Hungary’s premier arrived at the EU summit with a mandate from the Hungarian Parliament that tied his hands in several aspects.

We know that in Viktor Orbán’s centralized authoritarian regime the function of the parliament is not to control but to reinforce the government, and the MPs forming the two-thirds pro-government majority are typically selected based on their unconditional loyalty to the Prime Minister’s person rather than their individual competence. However, just one week before the EU summit, even this majority initiated and agreed to adopt a parliamentary resolution which stated that: a) Orbán is not allowed to accept an agreement that ties EU funds to the rule of law in any way, and b) he can accept nothing before the closure of the Article 7 proceedings, which Hungary was subjected to exactly because of the disastrous rule of law situation. There was also the additional requirement that Orbán must not accept any agreement where the EU supports parties and NGOs that are considered members of the Soros network in Hungary. 

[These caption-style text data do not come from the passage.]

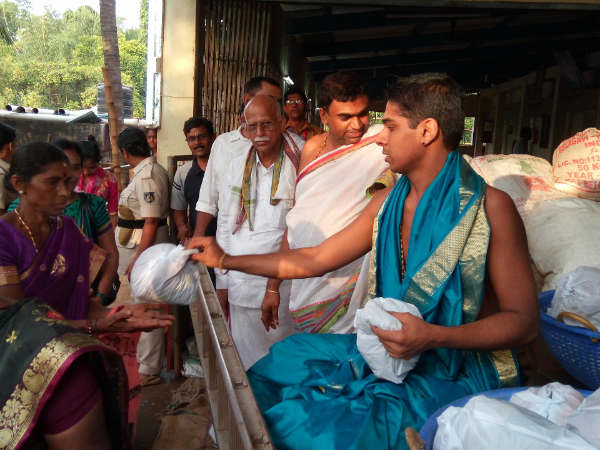 16 ಸಾವಿರ ಮಹಿಳೆಯರು ಸೀರೆ ಪಡೆದಿದ್ದರು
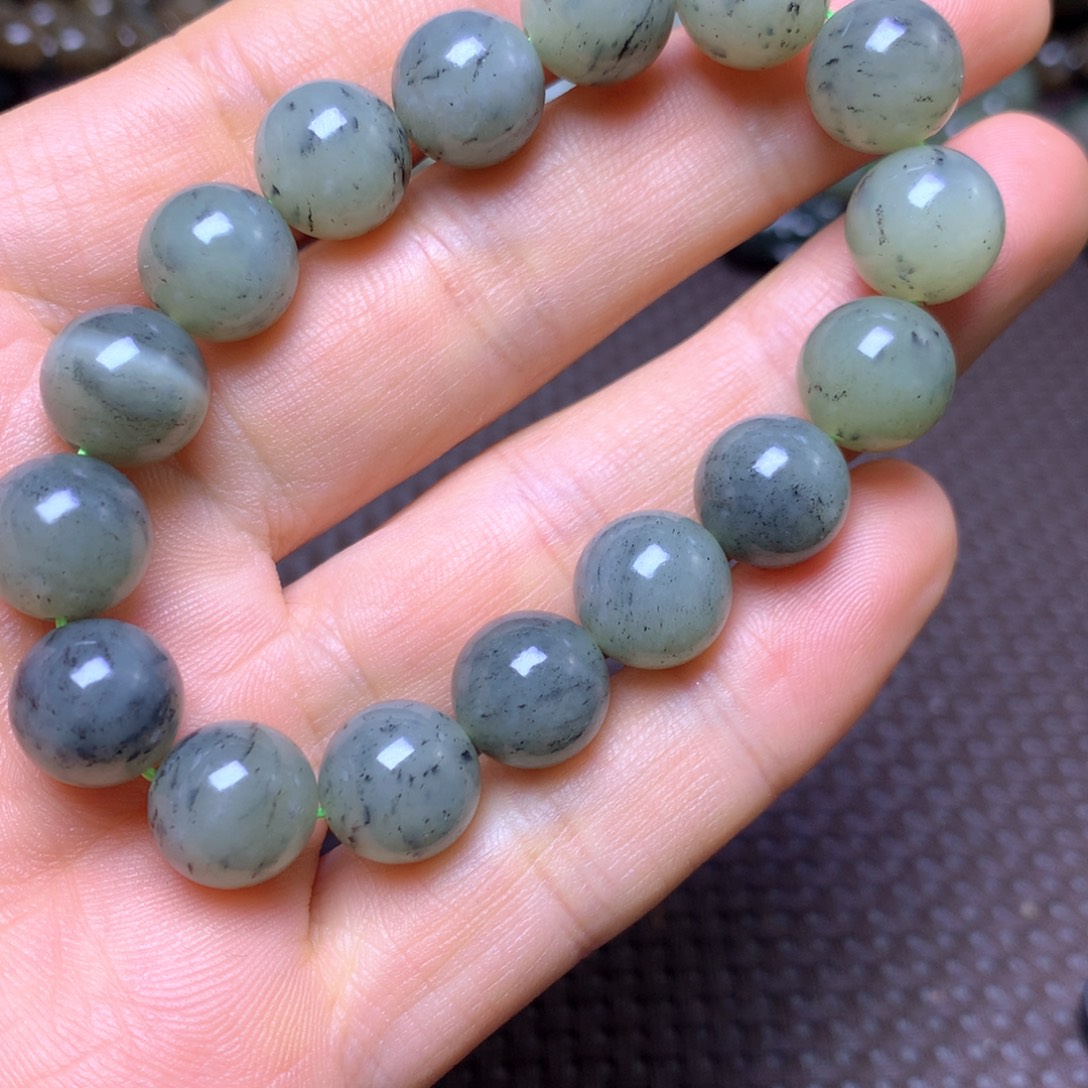 和田玉未镶嵌手串12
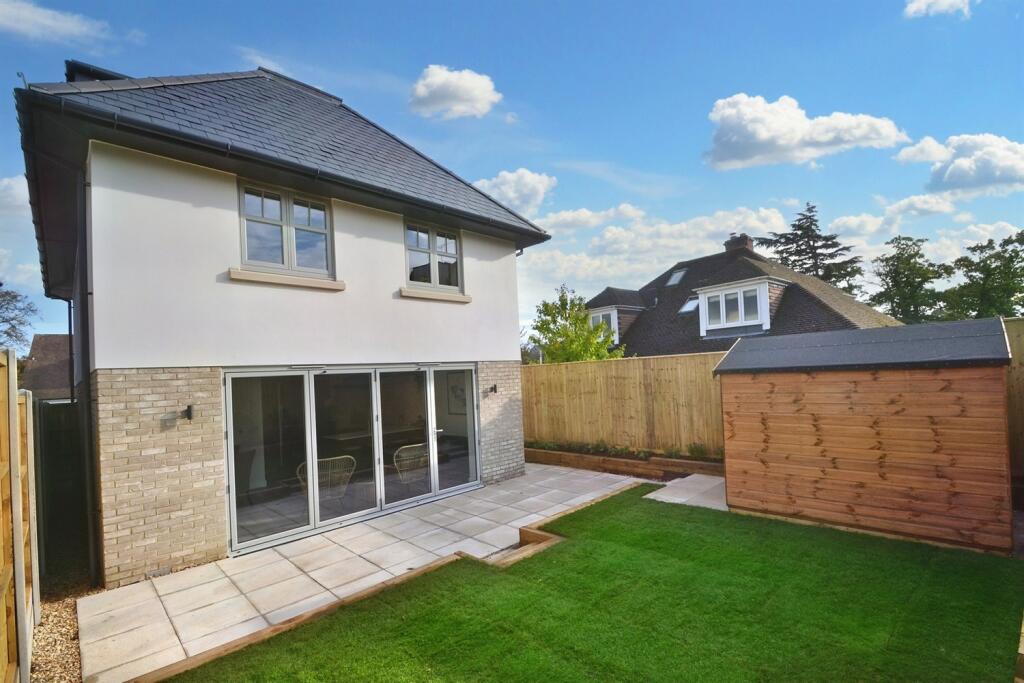 Additional image 10 of Ashley Cross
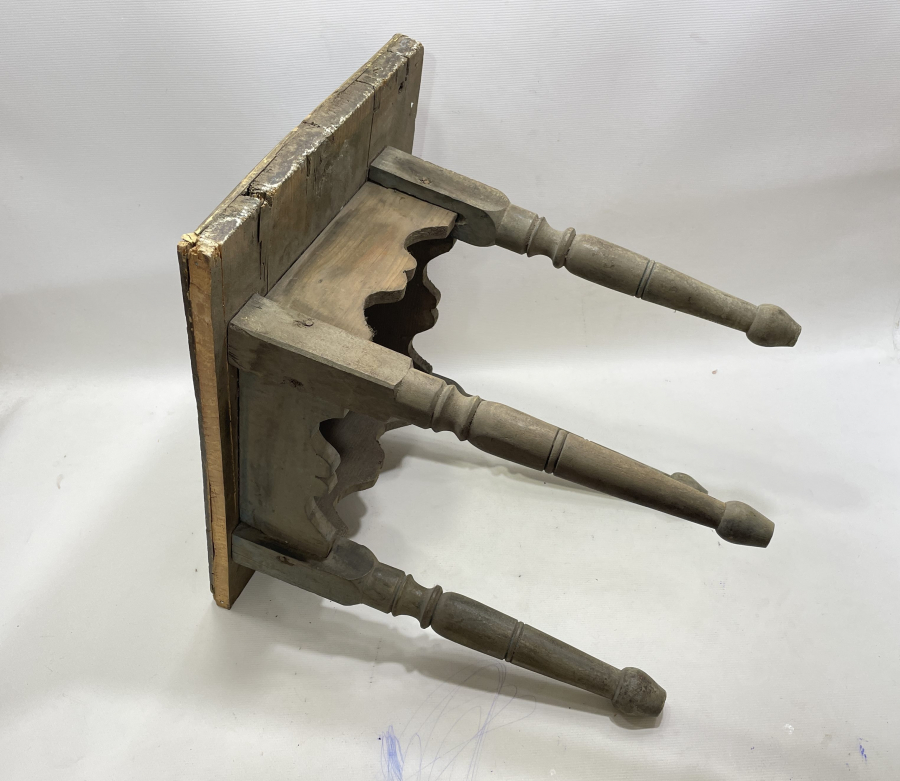 OSMANLI DÖNEMİ ÜZERİ KÖK BOYALI VE HAŞHAŞ BAŞI GÖRSELLİ KAHVECİ MASASI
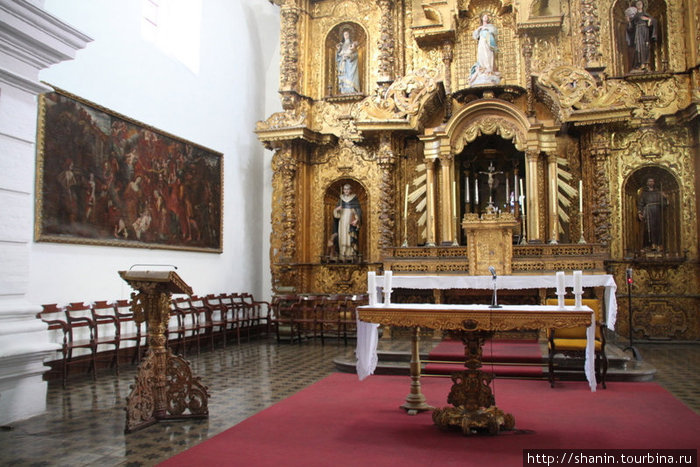 В церкви Святой Клары Трухильо, Перу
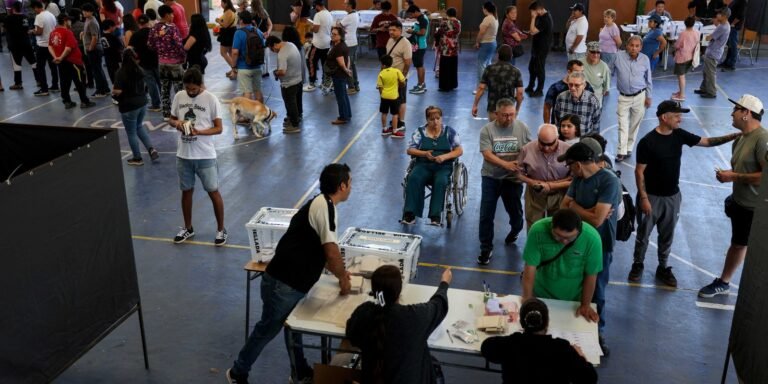 Chile realiza segundo turno da eleição presidencial neste domingo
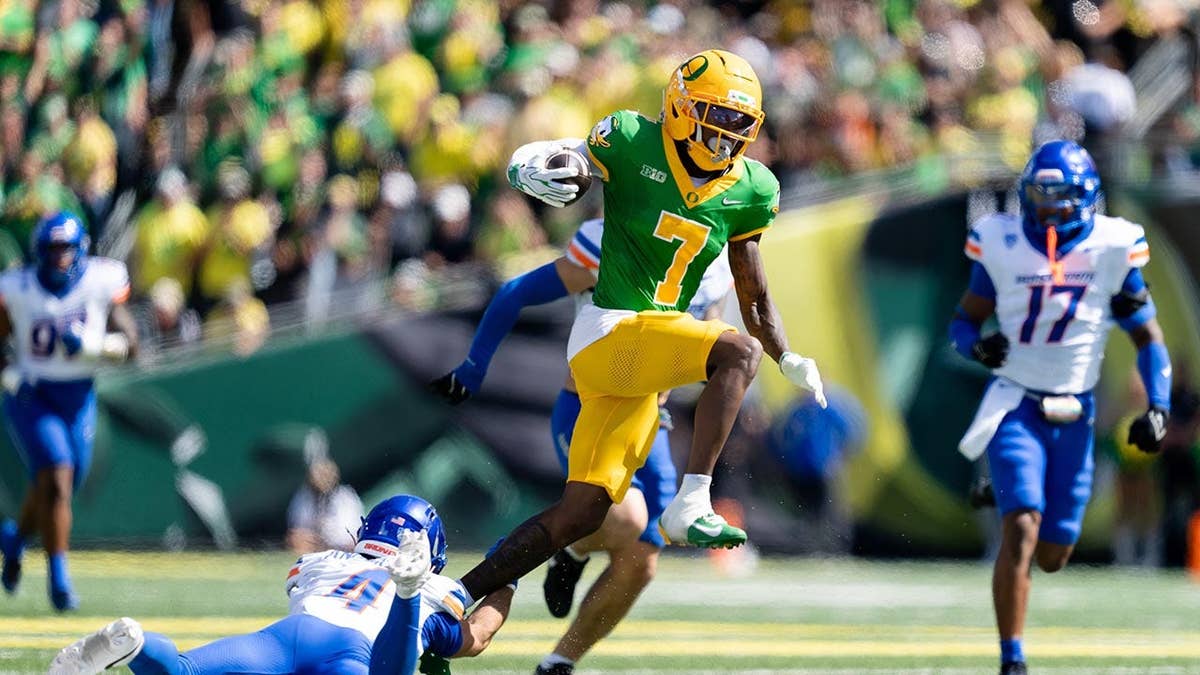Oregon Coach on Evan Stewart’s Arrest and Team Developments
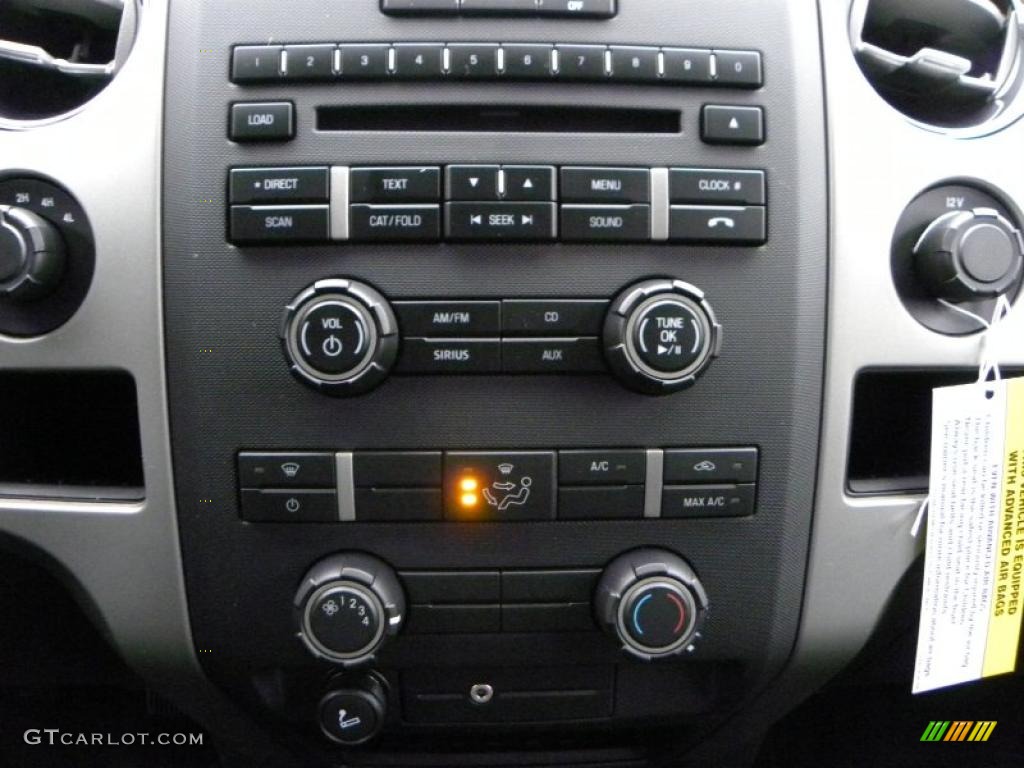 2011 Ford F150 XLT SuperCab 4x4 Controls Photo #41568987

The absurdity of the situation is clearly shown by the fact that the Orbán regime, in a misguided effort to seek potential domestic communication benefits, set impossible conditions for the Hungarian PM since the European Council can neither close nor even put on its agenda Article 7 proceedings that are launched by the EP and the Commission. 

As far as the requirement regarding the Soros-controlled parties and NGOs are concerned, few people other than Orbán fanatics and conspiracy theorists can even wrap their mind around the idea, so it obviously could not even be raised as an issue. The absurdity of Hungarian parliamentarism was only surpassed by one thing: how the Hungarian PM posed as the triumphant victor for his lackey media, which now makes up nearly the entire spectrum of Hungarian media, even though he failed to get any of the Hungarian Parliament’s conditions accepted. 

Unfortunately, the numbers of the budget and the economic recovery package don’t give much reason to celebrate.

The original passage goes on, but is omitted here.